The promise of donors who will put up matching funds for a short period of time, usually 24 to 72 hours, is a common technique used to infuse a sense of urgency into the campaigns, and part of this strategy is to set a goal the organization hopes to achieve in that time frame. This element, too, the woman felt lacked sincerity and sends a damaging message.

“What we see being done is fundraisers turning these campaigns into an ‘all or nothing’ proposition,” she said. “First, the very idea is ridiculous; so what’s going to happen to my donation if you don’t reach your goal? Something tells me it will be kept and go to good use anyway. Secondly, the idea of saying that the campaign was a failure because you didn’t reach your goal belittles the donations that were received and denies the inherent value that all tzedakah has.”

For a professional fundraiser, aggressiveness is usually high on the list of qualifications. An element of many crowdfunding campaigns that are based on email or social media networks is to send not just a simple solicitation, but to send follow-up messages — sometimes quite a few of them.

Hamodia spoke to Tzvi after he had been sent the fifth email from a Boro Park cheder in the midst of such a campaign.

“If you send one email, fine. Either I’ll give something or I’ll click ‘delete’ and ignore it. Two makes you a pest, and five is outright harassment,” he said.

The concept of “peer-to-peer” crowdfunding is predicated on individuals who are associated with an organization reaching out to their entire network of family, friends, business contacts and any other remote connections. Tzvi voiced a feeling shared by many interviewees: The system puts many of those contacts in an unfair position.

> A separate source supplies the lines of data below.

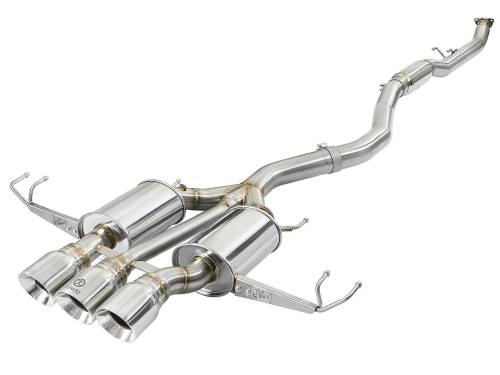 aFe Power - 49-36623-P | AFE Power Takeda 3 IN 304 Stainless Steel Cat-Back Exhaust System w/ Polished Tips (2017-2021 Civic L4-2.0L t)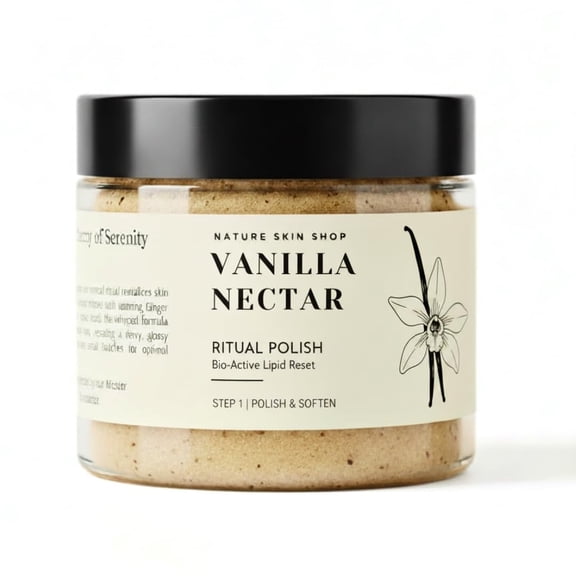 Nature Skin Shop Vanilla Nectar Ritual Polish – Hydrating Whipped Exfoliating Body Scrub, 8oz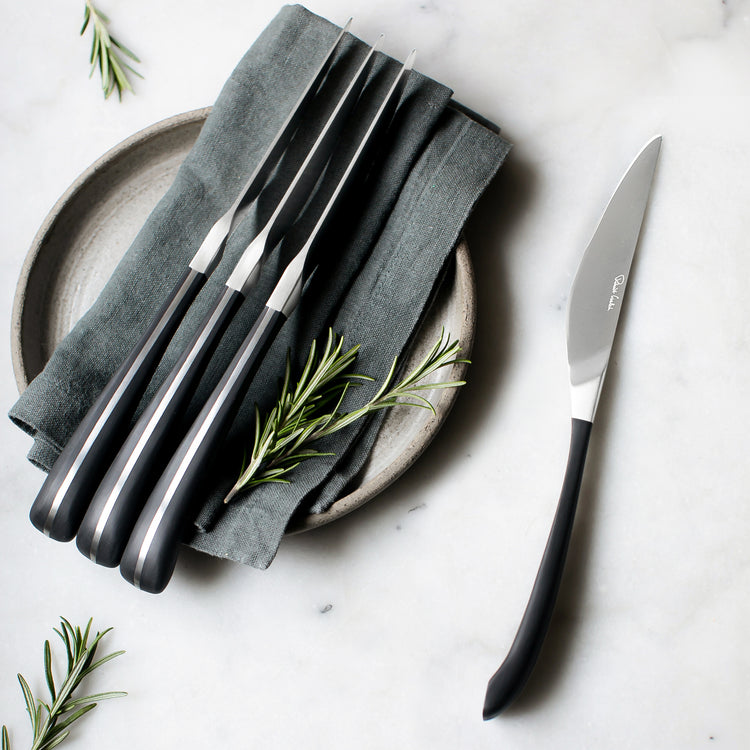 Contour Noir Satin Steak Knife (Plain Edged)
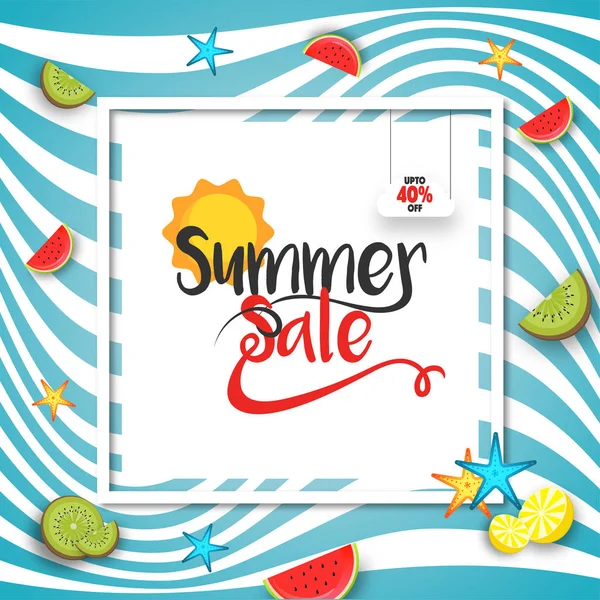 Banner de venda de verão, design de panfleto ou cartaz com texto elegante e fatias de frutas sazonais . — Vetor de Stock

“I have a mortgage to pay and a list of yeshivos and schools I send my kids to and organizations that I have what to do with. Just because I’m your cousin or supplier, does that obligate me to support your mosad too? This bothered me about dinner honorees also, but at least that had its limits. Now, it’s like everybody I know is getting honored.”

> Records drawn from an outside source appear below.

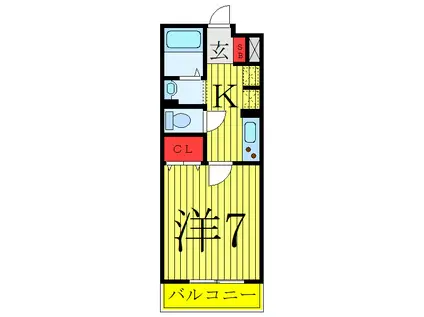 フルールさくらII(1K/3階)の間取り写真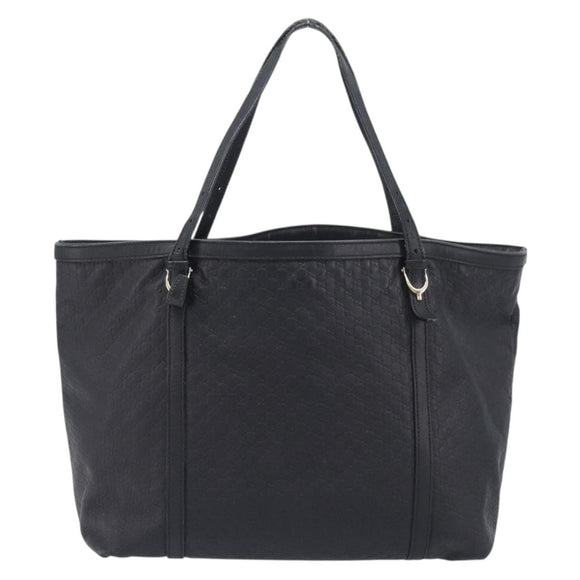 GUCCI Micro GG Canvas Guccissima Tote Bag Leather Black Gold 449647 Auth ka6642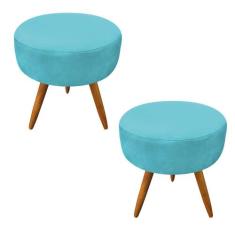 Kit 2 Puffs Banqueta Redonda Nina Suede Pés Palito Castanho - Pallazio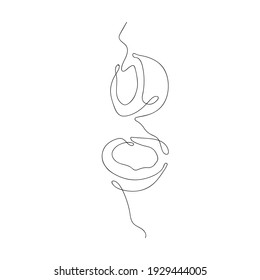 Los cocos jugosos se crean al estilo del lino. La ilustración de la línea negra continua está aislada en un fondo blanco. Gráficos vectoriales. Se utiliza para el diseño de postales, cuadernos.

Others extended the theme, saying that on occasion they had been approached by family or business connections to donate to causes that conflicted with their own hashkafos, or to kehillos that looked down on their way of life.

“I don’t have a problem with a kehillah having different standards than mine, but if you wouldn’t let my kids into your cheder, don’t come and knock on my door for money,” said one interviewee.

Rabbi Lerner deflected this criticism, saying that targeting one’s connections was hardly a new concept and that it has been a long accepted part of fundraising.

“There were always dinners to honor a person, and his suppliers and friends had to give to be mechabed him,” he said. “This is just a more modern version of that same idea — only it can reach a lot more people and we’re not expecting such large amounts from any one person.”

Another often-heard complaint is that while some kehillos and mosdos have pursued campaigns based exclusively on phone calls, others have been internet based, with some using various social media networks. Given that many of those selfsame kehillos and mosdos discourage internet use and hold their members to strict guidelines in this matter, the practice of internet-based fundraising has been another point of criticism.

Chaim spoke to Hamodia the night after the school that some of his children attend held a meeting with the parent body to roll out and train for its upcoming crowdfunding campaign, an effort he did not plan to take part in.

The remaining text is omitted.